Tuesday, May 22, 2012

The Elephant’s Journey (We always arrive at the place where we are expected)


The Elephant’s Journey
(We always arrive at the place where we are expected)

The title of this exhibition comes from a book of José Saramago that narrates the journey of an Indian Elephant offered by D. João III (the king of Portugal) to the Austrian Archduke, and that made his trip walking along his mahout.




Project – The Elephant Journey I
Mounting / Painting / Sculpture / Objects
Estoril – Lisbon – Portugal – 2012

















Origin

After Based on true events (Rio de Janeiro / Lisbon 2011/2012) and View Through Trees to a Town / Vista de Uma Cidade por Entre as Árvores (London 2012) I’ve made an object outside the space of a museum - and rejecting the idea of a “White Cube” - maintaining some of the previous assumptions (Estoril 2012).

This objects were primarily created in Tanger (2009).  At my studio - shared with Sofia Aguiar and Yto Barrada - I started to use the walls and the furniture as support, maybe because of the lack of canvas.

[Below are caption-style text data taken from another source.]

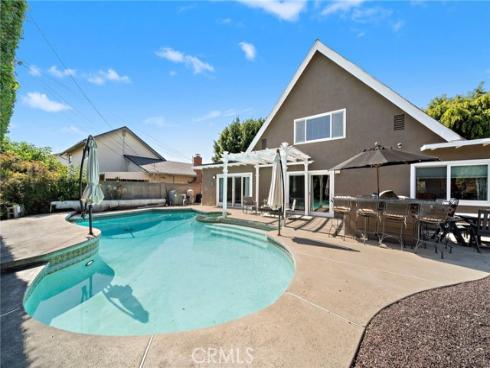9168 El Azul Circle , Fountain Valley, CA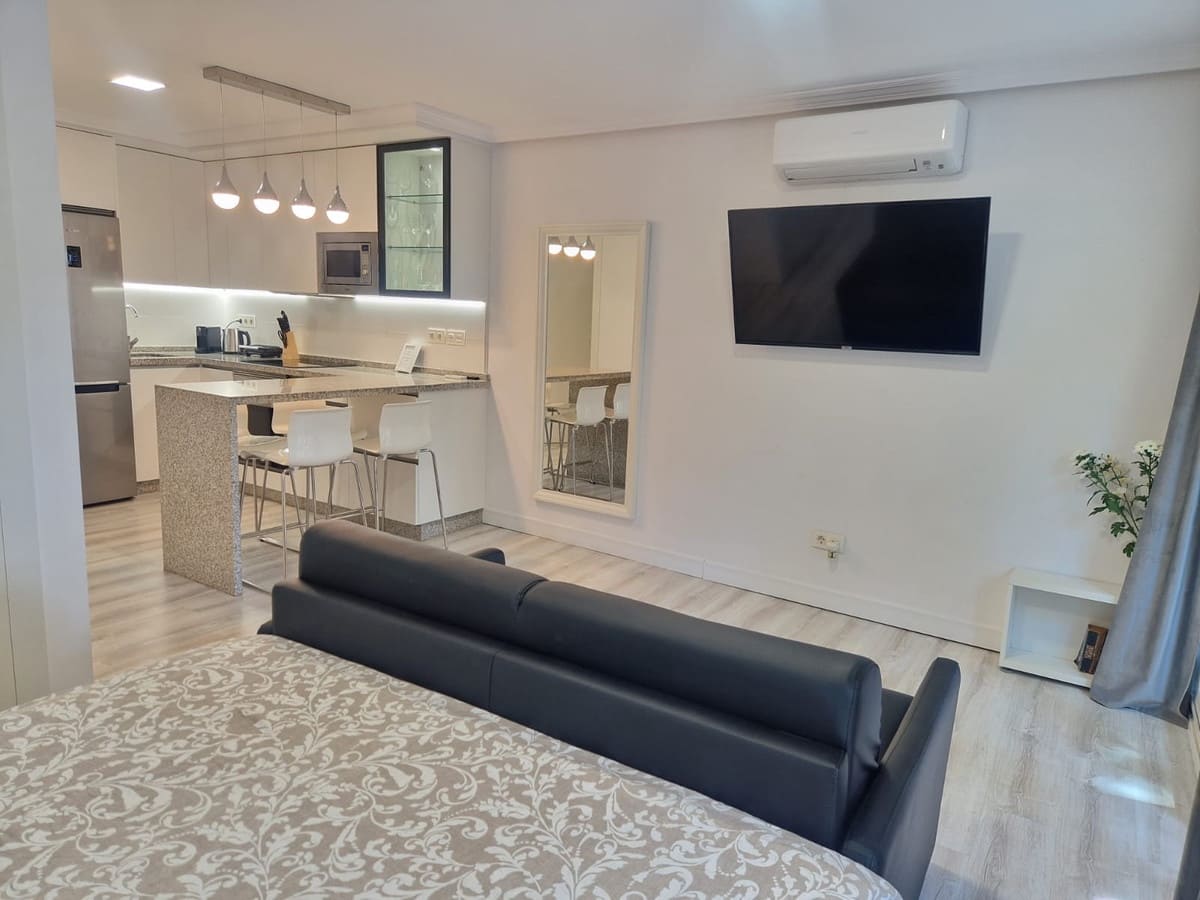1 makuuhuone Ranta-asunto myytävänä paikassa Elviria mukana uima-altaan 
autotalli - 320 000 € (Ref: 9953601)
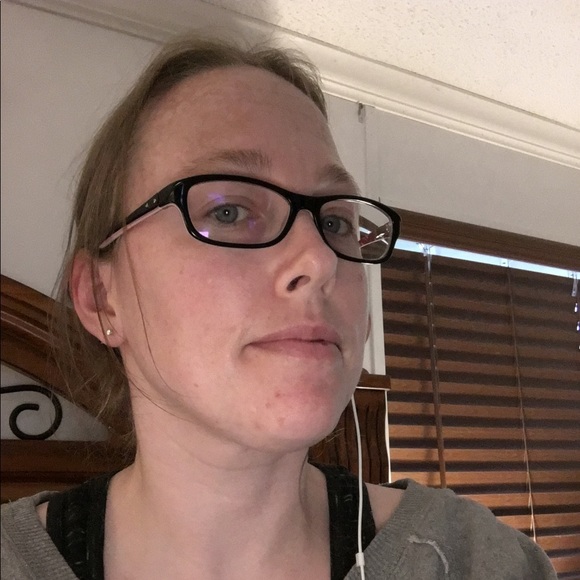 Profile Picture of Jaime Dowd (@jldowd11) on Poshmark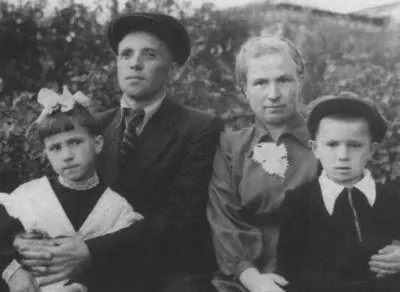 Супруги Астафьевы с детьми Ириной и Андреем Чусовой 1955 г Писатель и - фото 17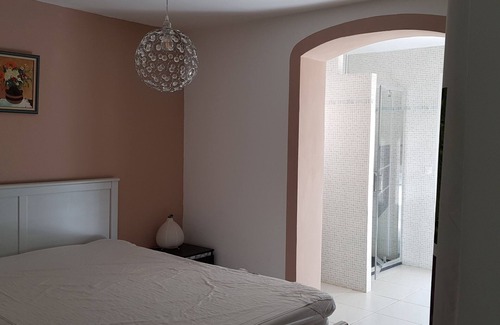 Fayence Bed & Breakfast | Vergé View Suite mit beheiztem Pool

In Lisbon I founded hidden paintings on the room where I live in. The room was white when I came in, but during the time the paintings started to emerge underneath the white paint, revealing some hidden themes that I made appear by using a small knife.

The hidden paintings


The representation of the four continents appeared:


Europe (N)
America (O)
Africa (S)
Asia (E)

In London, the Hyde Park’s sculptures of Albert’s Memorial, also represents the four Continents.
In my paintings I represent this representation:
An Elephant representing Asia
A Camel used to represent Africa
A Buffalo representing America
& a Cow representing Europe

This goes with native representations of the human beings of each Continent. The fifth continent does not exist – if it did – probably it would be something like a kangaroo and an aboriginal, or maybe a bigger animal for a more important representation…

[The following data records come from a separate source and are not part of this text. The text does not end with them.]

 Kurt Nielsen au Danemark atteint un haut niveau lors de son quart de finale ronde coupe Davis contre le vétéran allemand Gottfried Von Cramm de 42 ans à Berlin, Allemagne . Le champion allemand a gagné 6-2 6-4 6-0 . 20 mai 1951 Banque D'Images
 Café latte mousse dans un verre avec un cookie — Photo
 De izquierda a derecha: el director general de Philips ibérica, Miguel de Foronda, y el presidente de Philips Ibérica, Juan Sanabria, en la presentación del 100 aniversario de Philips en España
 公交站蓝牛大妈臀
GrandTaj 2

From the museum rooms to the “real” space

In the same way as it happened in the spaces of previous exhibitions, the floor and the walls are worked areas that surround the different rooms of the restaurant that hosts my piece – The Elephant’s Journey. The floor is painted and exists to be stepped on and walked over in a carefree way. As to the walls - and besides the work done with the brushes - they also receive some objects that hide parts of their painted surface.
The usually “untouchable objects”, that live as “untouchable art” when placed in a museum or gallery ( modified - tables, chairs and lamps) assume once again their original function, being  able to be used one more time, as normal objects of everyday life.


The triviality of the work

I have in mind some ornamental paintings I’ve seen in restaurants / chop-houses / tents (...).

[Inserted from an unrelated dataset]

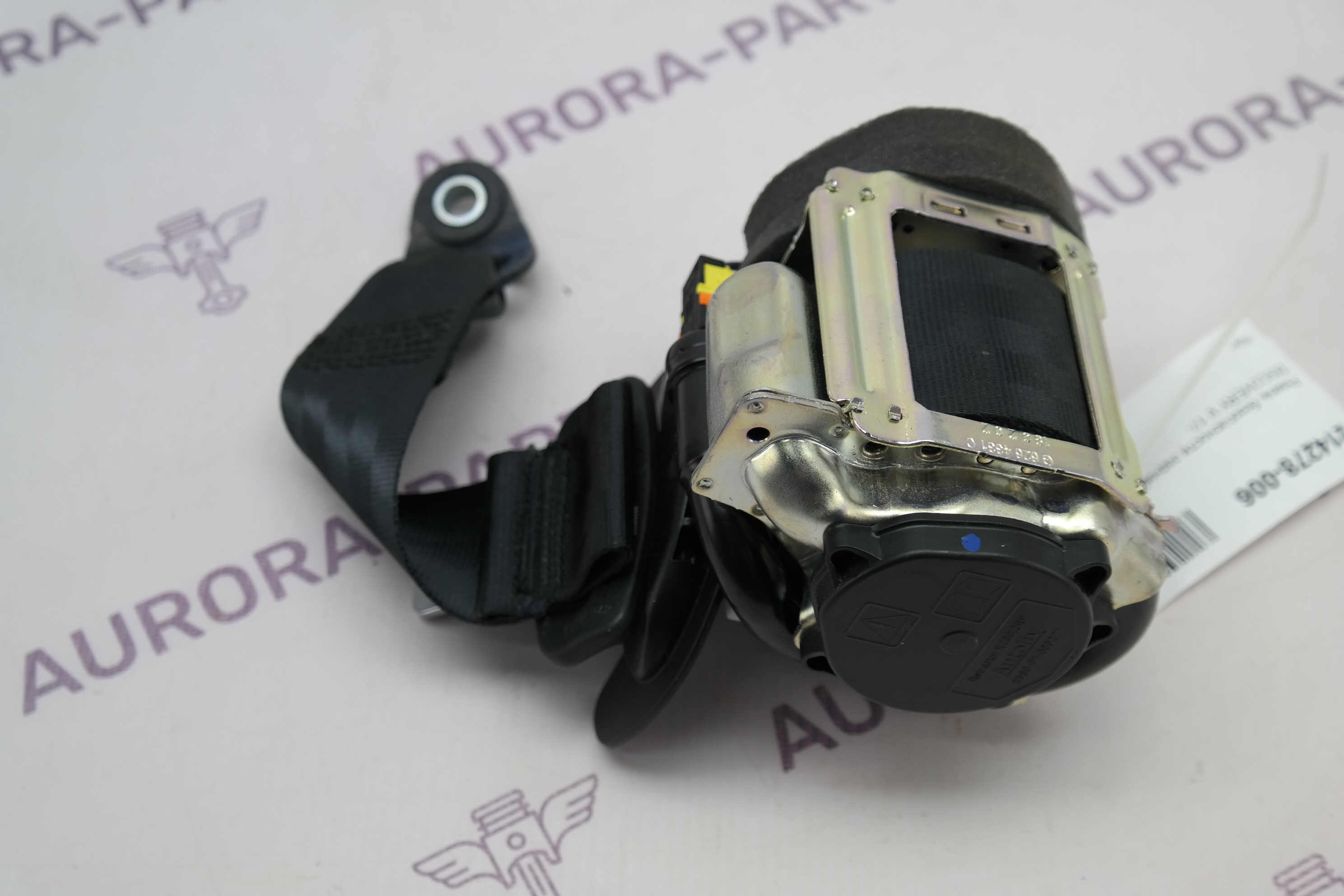 Ремень безопасности задний RH Land Rover Discovery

I wish to retake this traditional desire of creating an idyllic scene, sometimes evocating a glorious past and also the eventual desire of upgrading the place itself.

In order to construct the piece I spend a particularly low budget, focusing my attention on selecting and recycling old objects. This intention of spending a small amount of cash, makes me able to center all energy in “object-transformation”.

Changing objects - furniture, “bibelots” and different surfaces. Even with the possible stigma that this “glorification” may bring, the aim is to create an intimate space - elegant maybe - but never to intimidate the spectator.

In other words: I wish to create a massification and democratize my piece returning to the initial idea of painting as ornament.

I wish to make the objects live outside the “white cube” - inherited from modernism.

I pretend that the objects live for itself, being able to create a gateway that reveals a new experience in each viewer.

With this work, I am coming back into a place where people eat - the same starting point that José Saramago uses in his book called The Elephant’s Journey - This leaves me to think that maybe I was somehow trying to reinforce the idea of “unmaking” / the idea of returning / the idea of desanctifying art.

Modernism and Crime

Adolf Loos speaks of “Ornament and Crime” - one of the funding theories of modernism. In my work I tend to follow the idea of using painting as ornament.

(I don’t see ornament as something particularly criminal)

I feel the need to transform the space inside a modernist museum. On the other hand – when working in the “real” space - my intention is simply to surprise the viewer by inviting him to walk over my floor paintings. People also will be able to sit on this objects and even eat on it.

Key elements

Orientalism / History / Ornament / Crime / Narrative of Saramago / Imagery / Colonialism / Slavery / Ornamental Classical Painting / Modernism / Extinct Animals / Tradition / Glory / Statute/ Automatic Writing.

Note: In a flood in Tanger I lost my traveling books The Elephant Journey / Inside The White Cube / 100 Years of Non Linear History / & Animals from Amazonia / I am now using memory to evocate all references.